The star of her own daytime TV talk show, DeGeneres earned an Emmy nomination for her first Oscar hosting stint in 2007 although some critics complained she was too playful for the traditional decorum of the Academy Awards.

But DeGeneres showed she was apparently unfazed by such criticism, foraying into the audience again on several occasions on Sunday.

She handed a faux consolation prize - a pair of lottery tickets - to supporting actor nominee Bradley Cooper; took a "selfie" snapshot with a group of nominees that was swiftly re-tweeted more than 1 million times; and even ushered a pizza delivery guy into the auditorium to hand out slices to the stars, then called on producer Harvey Weinstein to pay the tip.

"No pressure, only a billion people are watching, whatever you feel is right," she shouted.

While mostly veering away from the ribald streak that marked Seth MacFarlane's widely panned stint as emcee last year, DeGeneres showed she was not above making fun of the movie industry's biggest stars.

She zeroed in on supporting actress nominee, and last year's best actress winner, Jennifer Lawrence, recalling that the star famously tripped on the stairs to the stage on her way to accepting her Oscar in 2013.

DeGeneres also alluded to how Lawrence, 23, nominated for her role in "American Hustle," stumbled again on the red carpet on Sunday.

"If you win tonight, I think we should bring you the Oscar," DeGeneres dead-panned, as the audience, including Lawrence, erupted in laughter.

Turning to June Squibb, whom she noted was the oldest performer ever nominated for an acting Oscar at age 84, DeGeneres congratulated Squibb for her role in "Nebraska." She then raised her voice to directly address Squibb as if the nominee were hard of hearing, saying, "I'm telling everyone that you were wonderful in 'Nebraska.'"

She joked that long-haired actor Jared Leto, a candidate for best supporting actor for his role as a transgender woman in "Dallas Buyers Club," was "the prettiest" nominee of the evening.

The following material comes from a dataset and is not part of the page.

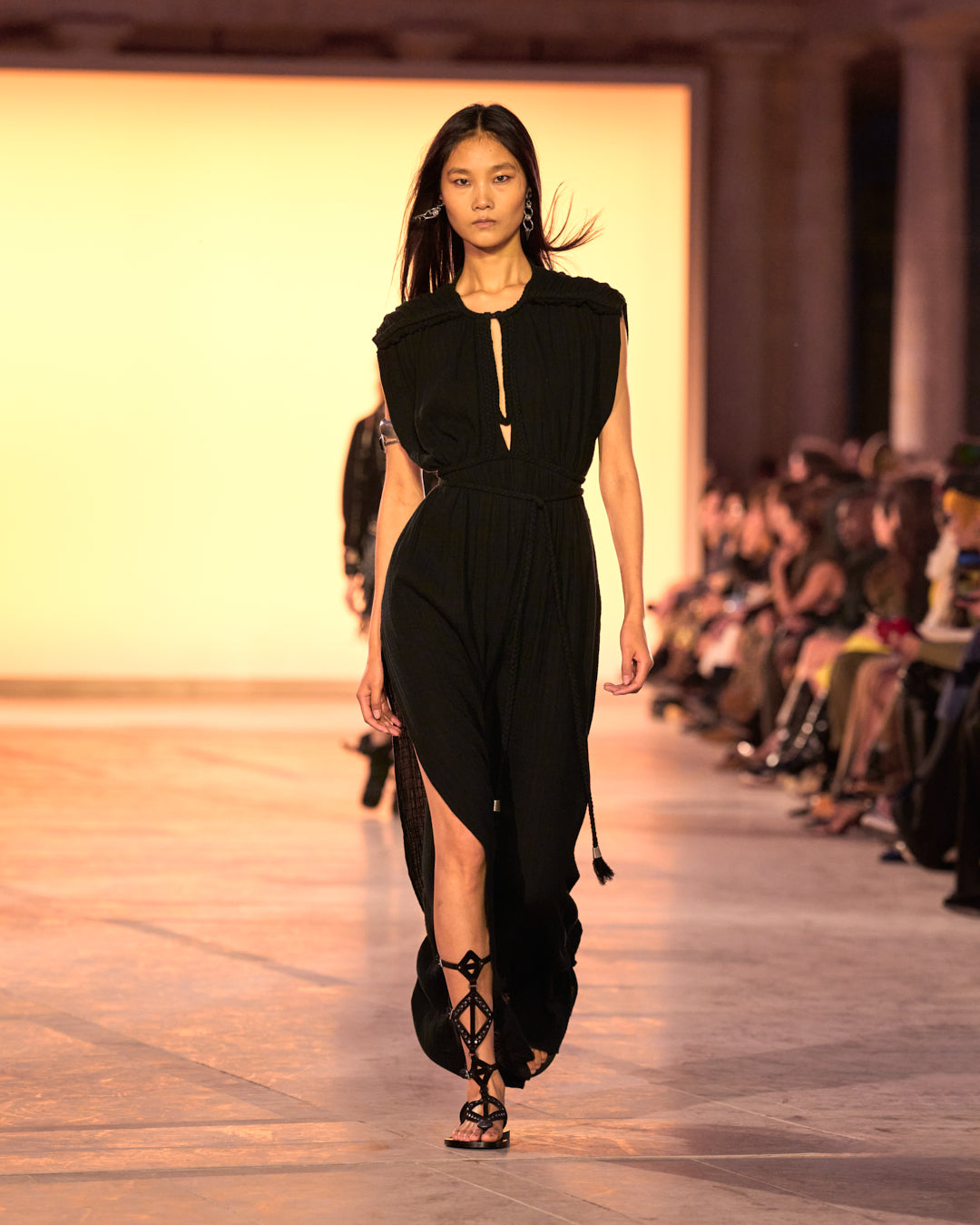 ISABEL MARANT'S SELECTION | ISABEL MARANT Official Online Store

Moments later, Leto was declared the night's first winner.

LIZA MINNELLI

But in perhaps her most cutting jab of the night, DeGeneres recognized the presence in the audience of veteran actress-singer and Oscar winner Liza Minnelli by calling attention to "one of the most amazing Liza Minnelli impersonators I have ever seen in my life."

As the camera cut to Minnelli, and back to DeGeneres, the host added, "Good job, sir."

Minnelli, 67, who was honored later in the evening in a tribute to her mother's movie, "The Wizard of Oz," lit up social media site Twitter on red carpet earlier on Sunday, looking shaky, with a blue streak in her hair, and apparently bra-less under her blue silk pants suit.

In another pithy moment, DeGeneres declared two possible scenarios for the final outcome of the Oscar race: "Possibility No. 1, '12 Years a Slave' wins best picture. Possibility No. 2, you're all racists."

Her most sexually explicit gag of the night came when she referred obliquely to Jonah Hill's masturbation scene in the film "The Wolf of Wall Street" and her own sexual orientation.

"You showed us something in that film that I have not seen for a very, very long time," she told Hill, adding, "Get it?" as the laughter faded.

DeGeneres, 56, made broadcast history in 1997 as the first openly gay lead character on U.S. prime-time television. She made her debut as an Oscar host in 2007, becoming only the second women to fly solo as emcee, after Whoopi Goldberg.

Her second turn as Oscar emcee comes a year after MacFarlane, the creator of the animated sitcom "Family Guy," drew critical groans for a provocative performance that included jokes often aimed at the biggest stars in attendance and a musical tribute to female frontal nudity called "We Saw Your Boobs."